- Alex Miller
- Yesterday in the University District.
You can make a case—and I'm not saying I'd agree with you if you did—but you can make a case for feeling no sympathy for people in the 99 percent who got in over their heads in the real estate market and are now being foreclosed upon, or invested too much in the stock market and now feel poor, or have needed for some time to stop being so choosy about what kind of work they're willing to do.
Like I said, I probably wouldn't agree with you. But the case can be made (and if you'd like to hear it, just turn on conservative talk radio).
Where you can't make a case for zero sympathy is when it comes to the students,
in Seattle and around the country, who have been merging with the Occupy movement to shout: "Banks Got Bailed Out, We Got Sold Out."

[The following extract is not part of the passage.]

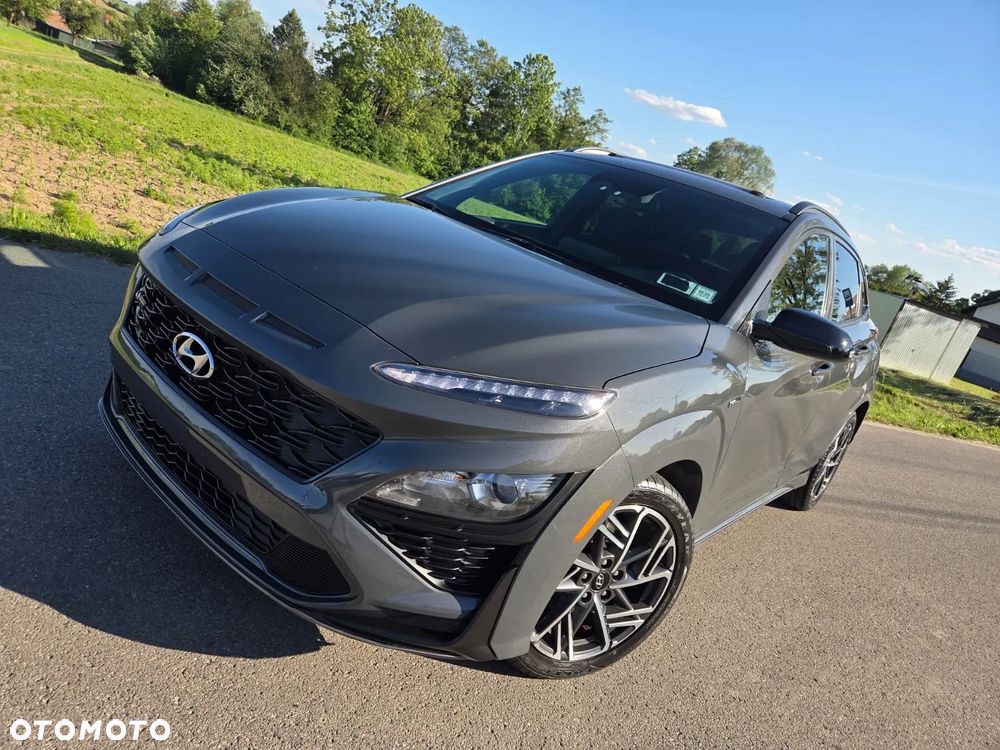 Hyundai Kona 1.6 T-GDI DCT 4WD N Line - 16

These students have a pretty much iron-clad case for outrage. Just about all of them were in high school—not buying property, or trading stocks, or staying put in a job in a risky industry—when the financial crisis was building and then hit. And when the banks that helped cause the financial crisis got bailed out, the students literally did get sold out.

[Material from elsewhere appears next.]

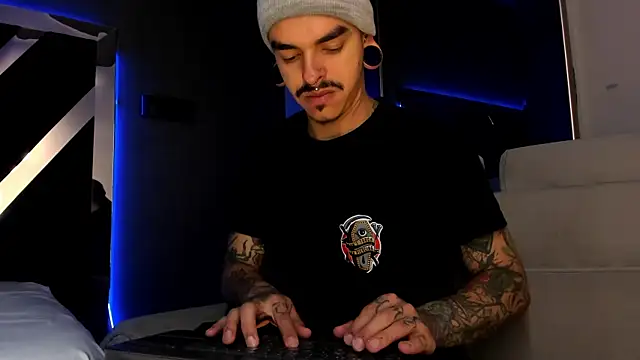 kaletattoo online show from May 17, 2026, 11:43 am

There was money to help the banks then, but now, because of the banks' behavior and its consequences, there's less and less money to help students get a college degree.
I suppose you could say these students should have seen this coming and gone to a college they can afford without any government help (even if that means no college). I know plenty of people make this argument in our comment threads.
But if you were getting ready to head to college in the years leading up to (and even briefly after) 2008, you were being told to follow your dreams, worry about the money later, and trust that reasonable governmental assistance would be there to help you live the American ideal of upward mobility through education and hard work. On top of that, you were being told that a college degree is a minimum necessity these days, the equivalent of a G.E.D., something you can't expect to get a good job without.
Given that, I don't see how anyone can be unsympathetic to the students currently shouting in the streets—including the Washington State Legislators they're shouting at, who are actually in a position to do something to help these students (by closings tax breaks instead of further slashing higher ed funding) during the upcoming special session.